Reported by Robyn Hall – The Negotiator
Headline inflation tumbled to 2.3% in the 12 months to April – the lowest level since July 2021– as the cost-of-living crisis begins to subside.
The rate of inflation dropped to 2.3% in April – down from 3.2% in March and the lowest level in almost three years, the Office for National Statistics (ONS) said this morning.
The drop in the consumer prices index was driven by amongst others falling energy and food costs. But while hopes of an interest rate cut from the Bank of England when it next meets on June 20 remain, some City analysts and other experts have already started to cut back their expectations.
EXTREMELY POSITIVE
Nathan Emerson, Chief Executive, Propertymark
Nathan Emerson, Chief Executive of Propertymark, was more sanguine and says: “It’s extremely positive to see inflation take a further dip downwards, after what has been an extremely challenging few years for many households.

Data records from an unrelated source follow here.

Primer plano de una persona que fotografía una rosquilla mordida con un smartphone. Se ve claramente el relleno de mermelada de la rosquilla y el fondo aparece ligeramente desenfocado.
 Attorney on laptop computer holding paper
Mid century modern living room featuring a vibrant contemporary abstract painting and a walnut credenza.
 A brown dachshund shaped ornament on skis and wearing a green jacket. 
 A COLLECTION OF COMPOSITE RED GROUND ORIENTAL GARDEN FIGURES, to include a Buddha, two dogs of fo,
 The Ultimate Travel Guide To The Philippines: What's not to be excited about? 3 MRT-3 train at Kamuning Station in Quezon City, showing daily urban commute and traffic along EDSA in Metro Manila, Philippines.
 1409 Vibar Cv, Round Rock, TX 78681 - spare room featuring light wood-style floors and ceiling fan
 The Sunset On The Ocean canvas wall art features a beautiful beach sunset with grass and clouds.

“Over the coming months we are optimistic to see the Bank of England respond to today’s news by lowing the base rate. For many this will be a much-welcomed relief regarding household affordability and give people a new flexibility to approach the housing market with greater confidence.”
Tim Bannister, Director of Property Science, Rightmove
Tim Bannister, Rightmove’s Property Expert, says: “While today’s number is a little higher than economists forecast, it is a move in the right direction.
“It always takes time for people to feel the benefits of lower inflation, but the downward trajectory of inflation is good for the health of the market.
“Affordability has been tightly squeezed over the last couple of years as rates have gone up, however determined movers have continued to find a way.
“There are positive signs, including a stronger spring market than last year, however we still have more than half the year to go, and an election to come at some point, so it’s not smooth sailing yet.”